Problem statement =
Without including any picture, write out the entries exactly as they stand.

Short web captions
___
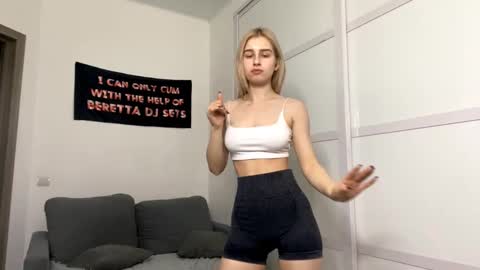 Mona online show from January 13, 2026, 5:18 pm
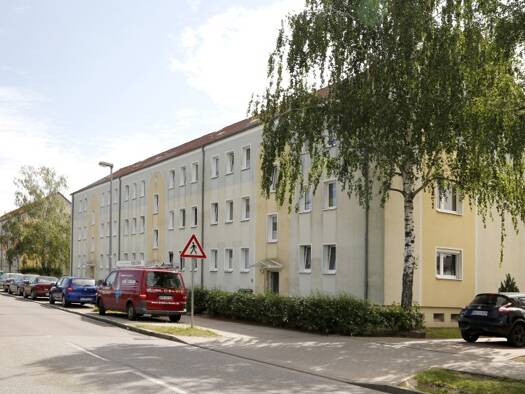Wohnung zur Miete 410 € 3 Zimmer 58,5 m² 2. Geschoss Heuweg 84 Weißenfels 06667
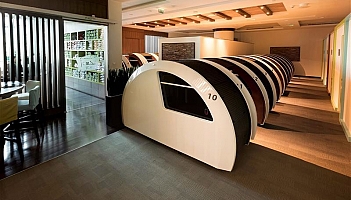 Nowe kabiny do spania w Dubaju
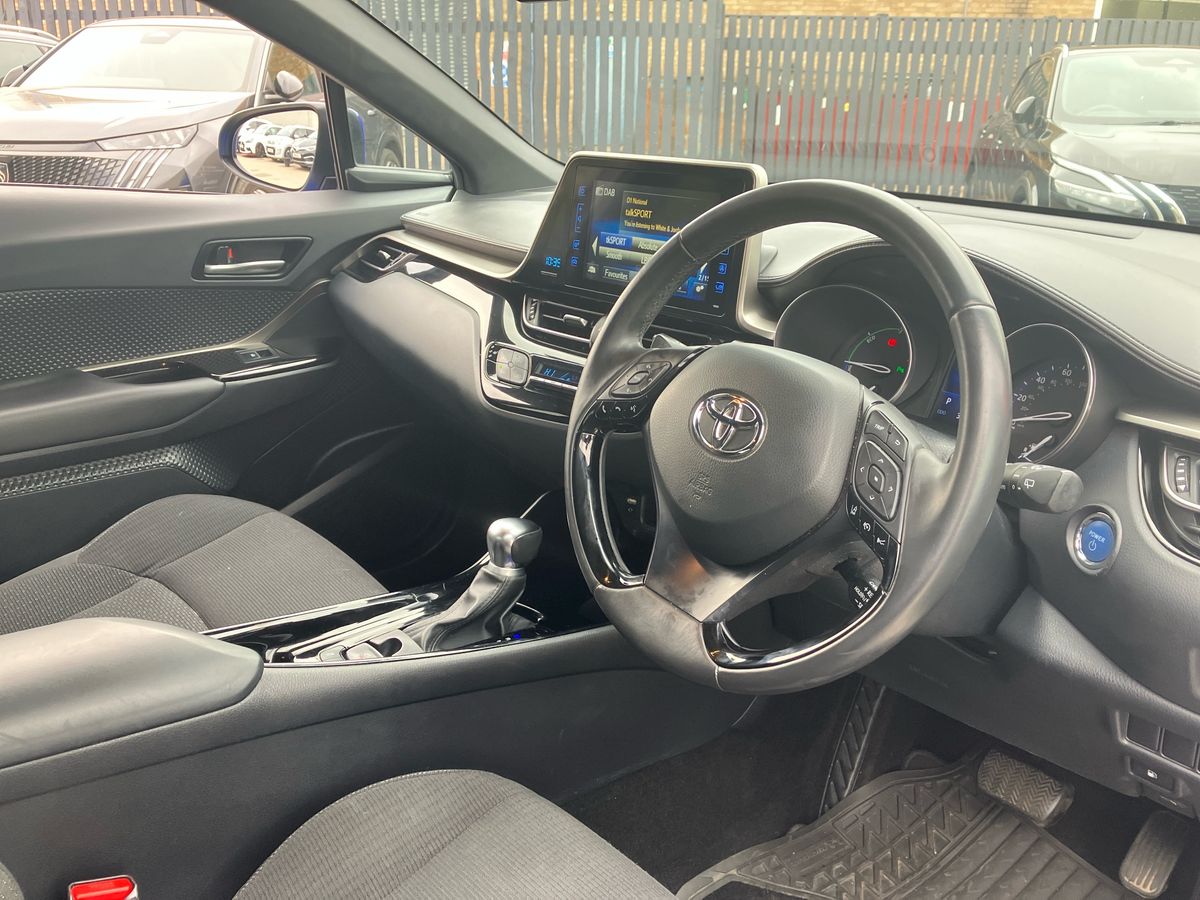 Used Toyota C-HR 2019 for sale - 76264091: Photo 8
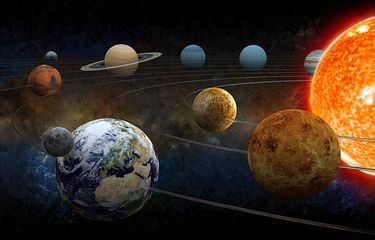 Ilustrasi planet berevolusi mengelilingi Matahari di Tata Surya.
___
Output of the exercise =
 Mona online show from January 13, 2026, 5:18 pm
Wohnung zur Miete 410 € 3 Zimmer 58,5 m² 2. Geschoss Heuweg 84 Weißenfels 06667
 Nowe kabiny do spania w Dubaju
 Used Toyota C-HR 2019 for sale - 76264091: Photo 8
 Ilustrasi planet berevolusi mengelilingi Matahari di Tata Surya.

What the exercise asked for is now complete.